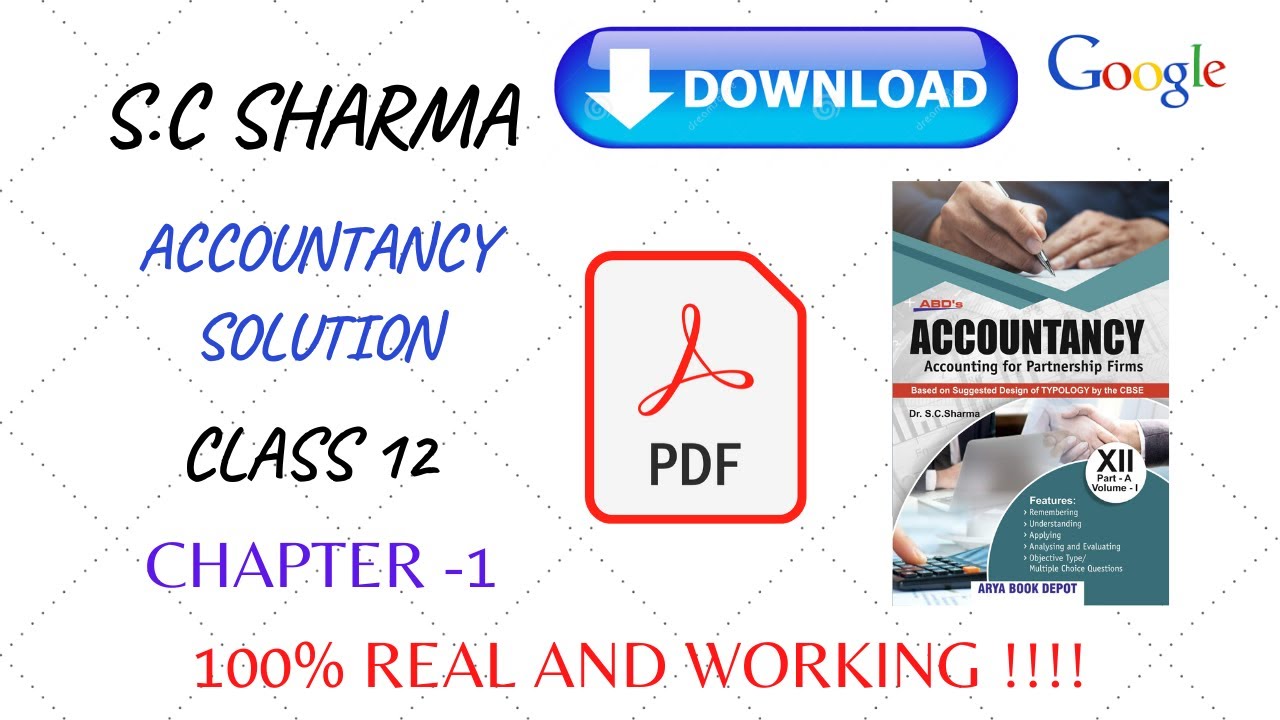 S.C Sharma Solutions||Class 12 || Accountancy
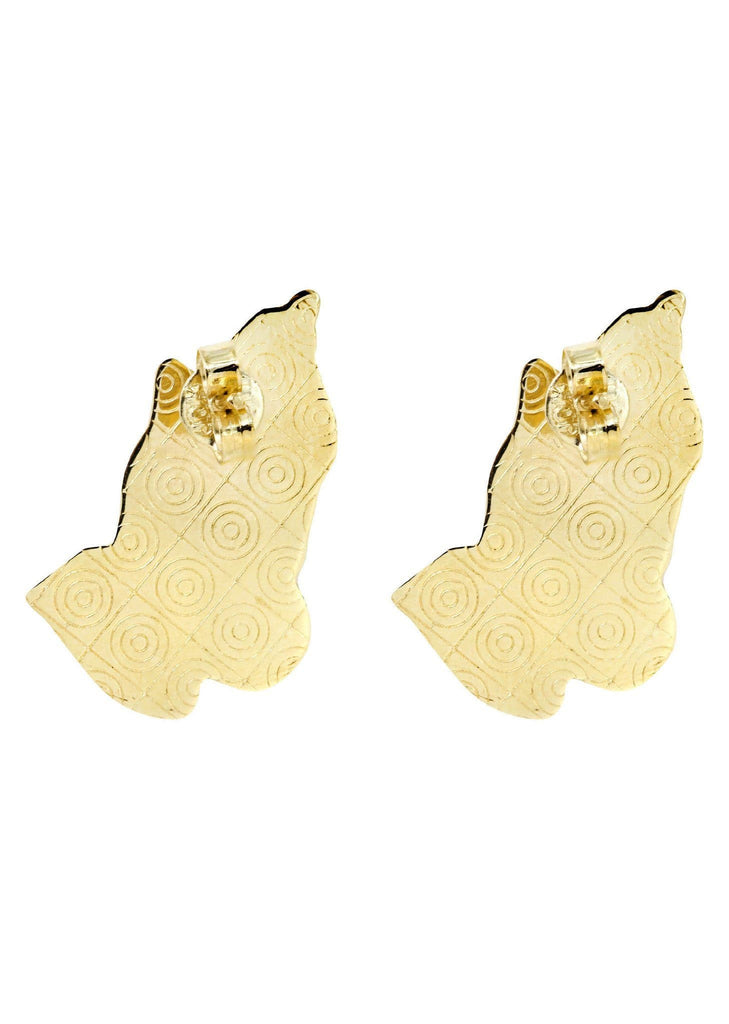 Praying Hands 10K Yellow Gold Earrings | Appx 1 Inch Wide Gold Earrings For Men FROST NYC 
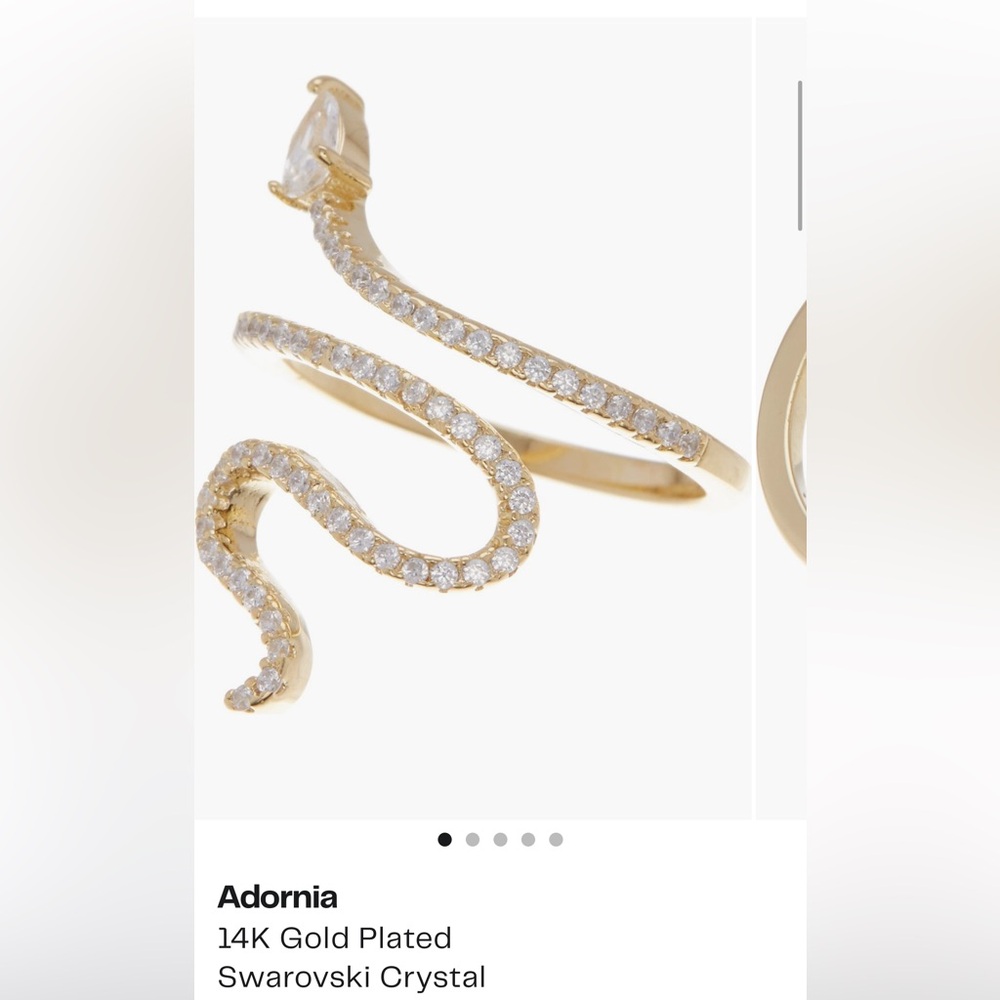Gold Plated Swarovski Crystal Snake Ring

Work instruction:
Print the data again, word for word, without any pictures.

Reply to the exercise:
 S.C Sharma Solutions||Class 12 || Accountancy
 Praying Hands 10K Yellow Gold Earrings | Appx 1 Inch Wide Gold Earrings For Men FROST NYC 
Gold Plated Swarovski Crystal Snake Ring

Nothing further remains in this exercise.